Durante los primeros días de enero de 2017, gran parte del territorio nacional se cubrió de protestas en contra de la liberalización del precio de los hidrocarburos. Los medios masivos de comunicación pusieron al gasolinazo como el tema de la agenda pública por varias semanas.
La generalización de las inconformidades, por un momento, insinuó las condiciones objetivas y subjetivas para un verdadero cambio de fondo en el país. La sociedad mexicana daba indicios de una macroorganización que aglutinaba las inconformidades de las mayorías en contra del poder político en turno. No ocurrió nada.

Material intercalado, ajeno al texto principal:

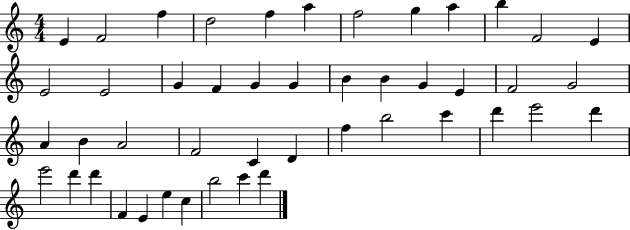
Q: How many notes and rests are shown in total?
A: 46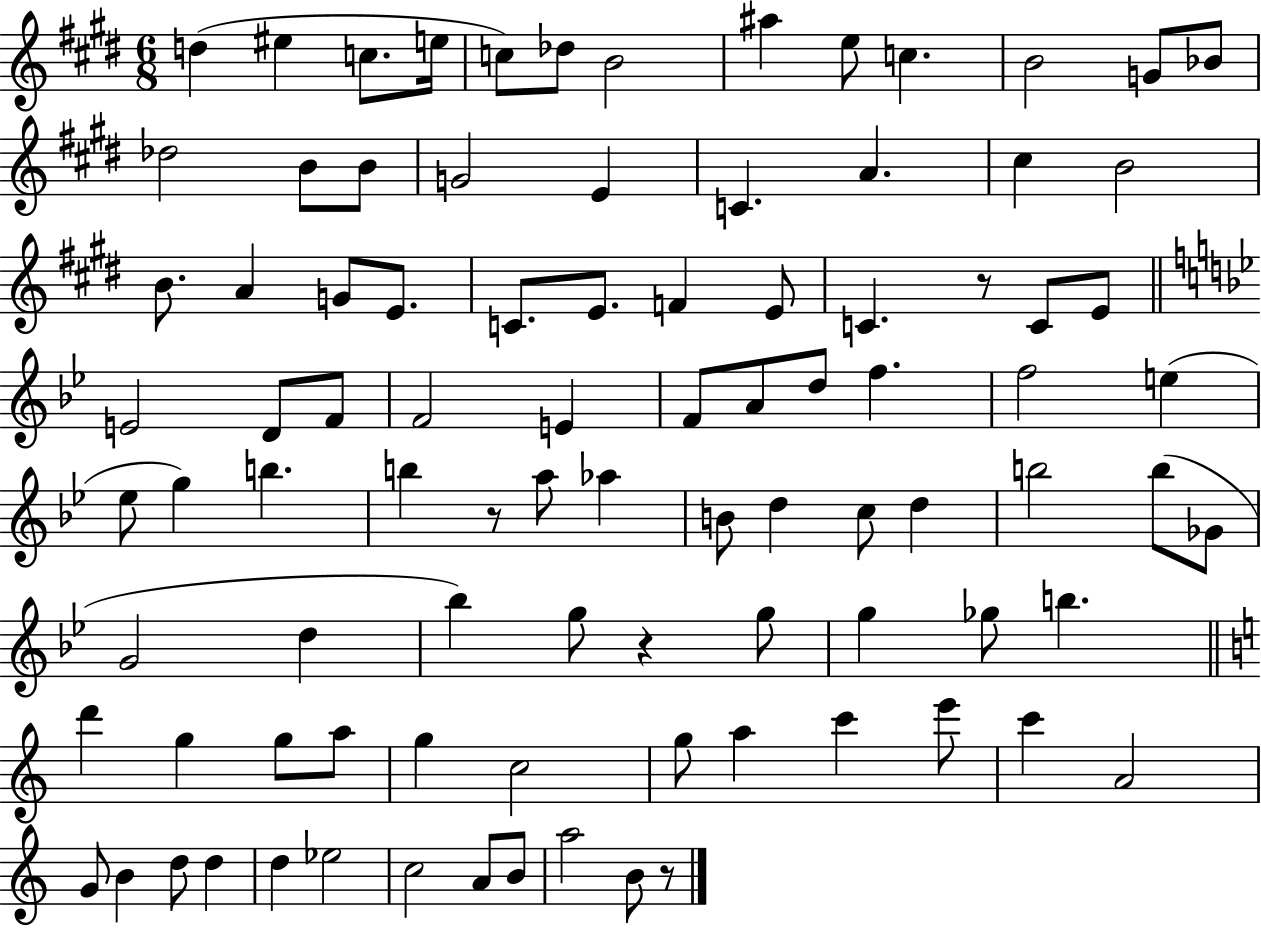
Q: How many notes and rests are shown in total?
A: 92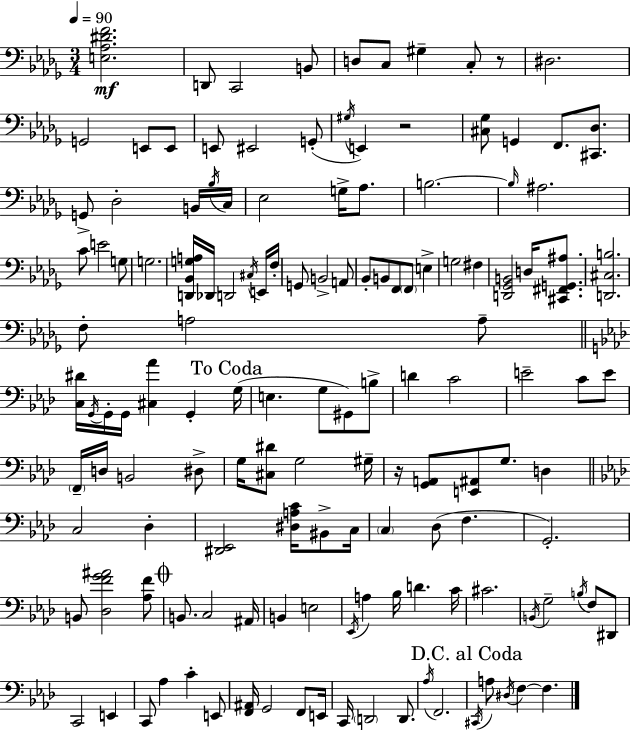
[E3,Ab3,D#4,F4]/h. D2/e C2/h B2/e D3/e C3/e G#3/q C3/e R/e D#3/h. G2/h E2/e E2/e E2/e EIS2/h G2/e G#3/s E2/q R/h [C#3,Gb3]/e G2/q F2/e. [C#2,Db3]/e. G2/e Db3/h B2/s Bb3/s C3/s Eb3/h G3/s Ab3/e. B3/h. B3/s A#3/h. C4/e E4/h G3/e G3/h. [D2,Bb2,G3,A3]/s Db2/s D2/h C#3/s E2/s F3/s G2/e B2/h A2/e Bb2/e B2/e F2/e F2/e E3/q G3/h F#3/q [D2,Gb2,B2]/h D3/s [C#2,F#2,G2,A#3]/e. [D2,C#3,B3]/h. F3/e A3/h A3/e [C3,D#4]/s G2/s G2/s G2/s [C#3,Ab4]/q G2/q G3/s E3/q. G3/e G#2/e B3/e D4/q C4/h E4/h C4/e E4/e F2/s D3/s B2/h D#3/e G3/s [C#3,D#4]/e G3/h G#3/s R/s [G2,A2]/e [E2,A#2]/e G3/e. D3/q C3/h Db3/q [D#2,Eb2]/h [D#3,A3,C4]/s BIS2/e C3/s C3/q Db3/e F3/q. G2/h. B2/e [Db3,F4,G4,A#4]/h [Ab3,F4]/e B2/e. C3/h A#2/s B2/q E3/h Eb2/s A3/q Bb3/s D4/q. C4/s C#4/h. B2/s G3/h B3/s F3/e D#2/e C2/h E2/q C2/e Ab3/q C4/q E2/e [F2,A#2]/s G2/h F2/e E2/s C2/s D2/h D2/e. Ab3/s F2/h. C#2/s A3/e D#3/s F3/q F3/q.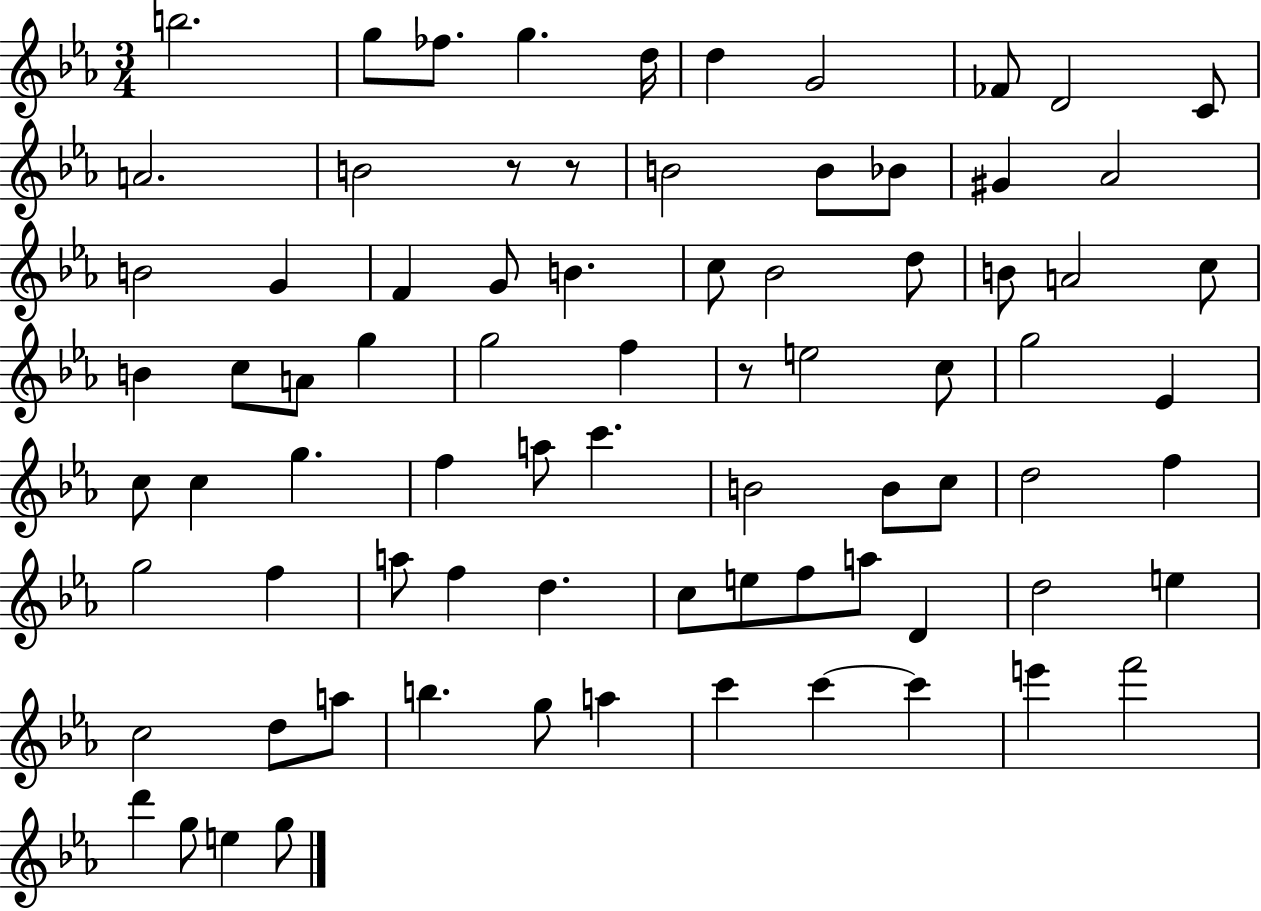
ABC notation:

X:1
T:Untitled
M:3/4
L:1/4
K:Eb
b2 g/2 _f/2 g d/4 d G2 _F/2 D2 C/2 A2 B2 z/2 z/2 B2 B/2 _B/2 ^G _A2 B2 G F G/2 B c/2 _B2 d/2 B/2 A2 c/2 B c/2 A/2 g g2 f z/2 e2 c/2 g2 _E c/2 c g f a/2 c' B2 B/2 c/2 d2 f g2 f a/2 f d c/2 e/2 f/2 a/2 D d2 e c2 d/2 a/2 b g/2 a c' c' c' e' f'2 d' g/2 e g/2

La preponderante clase política y económica de México demostró que su curva de aprendizaje se había sofisticado a lo largo del tiempo y que los mecanismos para el ejercicio del poder y control social estaban prestos frente a cualquier eventualidad. El miedo y su expresión extrema encarnada en la psicosis colectiva, inmovilizó el descontento social y canceló la posibilidad de cambiar el statu quo utilizando al miedo mismo como una estrategia permanente.
La geopolítica del miedo y la configuración de cuerpos dóciles

“Amigas por favor no salgan de sus casas, andan saqueando casas, ya vienen, andan en la Morelos, vienen del Horno, vienen quemando casas, vienen haciendo despapayes, ahorita ya están en la colonia Veracruz, por favor cierren sus casas, no se expongan, por favor, cuídense mucho”. Varios mensajes de voz en Whatsapp con este tipo de contenido fueron distribuidos en todo el país en lo más álgido de la protesta.
No fueron mensajes ingenuos, iban acompañados de una lógica geopolítica bien definida cuyo objetivo era generar miedo y terror diseñados por expertos en contrainteligencia. No hay duda que estos mensajes fueron parte de un plan integral que contenía elementos de geografía, psicología de masas y visualización de escenarios prospectivos.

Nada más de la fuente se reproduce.